◆ What is being asked
In your copy of the data, keep every word exact and include no pictures.

◆ Supplied data
☆ ☆ ☆ ☆ ☆
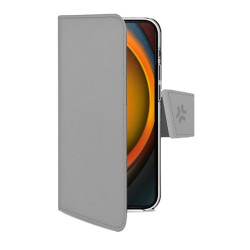 Custodia celly wally per iphone 16 pro grigio [wally1079gr]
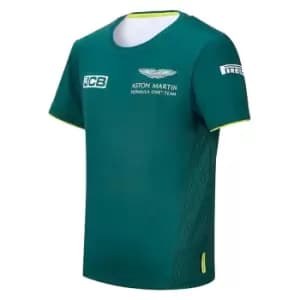 2021 Aston Martin F1 Official Team T-Shirt (Kids)
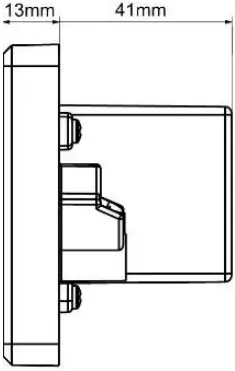 MERCATOR SPP01G Power Points Switch B2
☆ ☆ ☆ ☆ ☆
◆ Answer
 Custodia celly wally per iphone 16 pro grigio [wally1079gr]
 2021 Aston Martin F1 Official Team T-Shirt (Kids)
 MERCATOR SPP01G Power Points Switch B2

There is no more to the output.